大枠として、有力馬が真ん中から内の枠に集中した印象ですが、それ自体がレースの結果に大きな影響を与えることはないと考えていいでしょう。Bコース替わりになることによって、突如としてインベタ有利な傾向が出現するとかならいざ知らず、おそらくそこまで極端なトラックバイアスの変化はないでしょうからね。
そうなると、あとは枠の並び。パンサラッサ、ジャックドール、バビットの3頭が、はたしてどんな並びになるのかには要注目だったわけですが、3頭の中で最も出脚が鈍いパンサラッサが最内に入った点は、波乱要素を増大させたと言えるかもしれません。
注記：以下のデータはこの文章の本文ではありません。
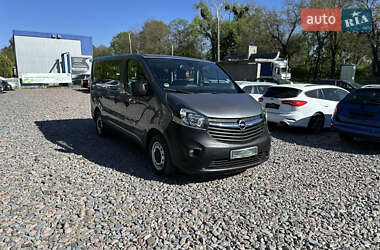 Мінівен Opel Vivaro 2015 в 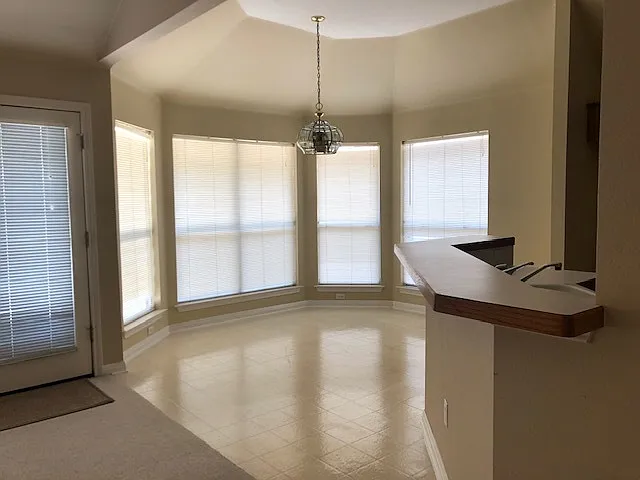 1700 Lancaster St — Photo 5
すでに控える競馬を視野に入れているジャックドールはともかくとして、バビットがこの鞍上でどんな競馬を仕掛けてくるのか、非常に読みづらいですしね。極端に言えば、「パンサラッサの機先を制しての大逃げ」もあれば、「ソロっと出しての最後方ポツン」まで想定しないといけないわけですから、この枠の並びは、ただでさえ難解なレースをよりいっそう難しくしてくれたな、と。
個人的に最も可能性が高いと考えているのは、パンサラッサが序盤からハイペースで先行。バビットが離れた2番手で折り合いを図り、さらに離れた3番手にジャックドール。こんな並びかな、と。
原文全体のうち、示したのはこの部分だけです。